* TASK DETAILS *
Copy every record below, exactly as written.

[Crawled caption data]
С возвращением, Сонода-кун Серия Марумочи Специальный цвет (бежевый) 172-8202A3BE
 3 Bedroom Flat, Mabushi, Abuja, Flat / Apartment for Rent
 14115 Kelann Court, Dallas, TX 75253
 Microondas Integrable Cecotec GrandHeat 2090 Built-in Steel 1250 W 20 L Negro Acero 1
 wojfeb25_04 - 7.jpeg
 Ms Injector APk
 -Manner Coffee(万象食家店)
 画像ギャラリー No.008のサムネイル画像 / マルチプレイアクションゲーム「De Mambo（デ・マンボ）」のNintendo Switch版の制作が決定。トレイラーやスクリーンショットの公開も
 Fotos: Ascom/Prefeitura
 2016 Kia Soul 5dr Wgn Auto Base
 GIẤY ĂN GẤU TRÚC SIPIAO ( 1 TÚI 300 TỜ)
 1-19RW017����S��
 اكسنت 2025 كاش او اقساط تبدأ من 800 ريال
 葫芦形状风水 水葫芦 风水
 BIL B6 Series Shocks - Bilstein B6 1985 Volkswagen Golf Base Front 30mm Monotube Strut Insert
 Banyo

* ANSWER TO THIS PROBLEM *
С возвращением, Сонода-кун Серия Марумочи Специальный цвет (бежевый) 172-8202A3BE
 3 Bedroom Flat, Mabushi, Abuja, Flat / Apartment for Rent
 14115 Kelann Court, Dallas, TX 75253
 Microondas Integrable Cecotec GrandHeat 2090 Built-in Steel 1250 W 20 L Negro Acero 1
 wojfeb25_04 - 7.jpeg
 Ms Injector APk
 -Manner Coffee(万象食家店)
 画像ギャラリー No.008のサムネイル画像 / マルチプレイアクションゲーム「De Mambo（デ・マンボ）」のNintendo Switch版の制作が決定。トレイラーやスクリーンショットの公開も
 Fotos: Ascom/Prefeitura
 2016 Kia Soul 5dr Wgn Auto Base
 GIẤY ĂN GẤU TRÚC SIPIAO ( 1 TÚI 300 TỜ)
 1-19RW017����S��
 اكسنت 2025 كاش او اقساط تبدأ من 800 ريال
 葫芦形状风水 水葫芦 风水
 BIL B6 Series Shocks - Bilstein B6 1985 Volkswagen Golf Base Front 30mm Monotube Strut Insert
 Banyo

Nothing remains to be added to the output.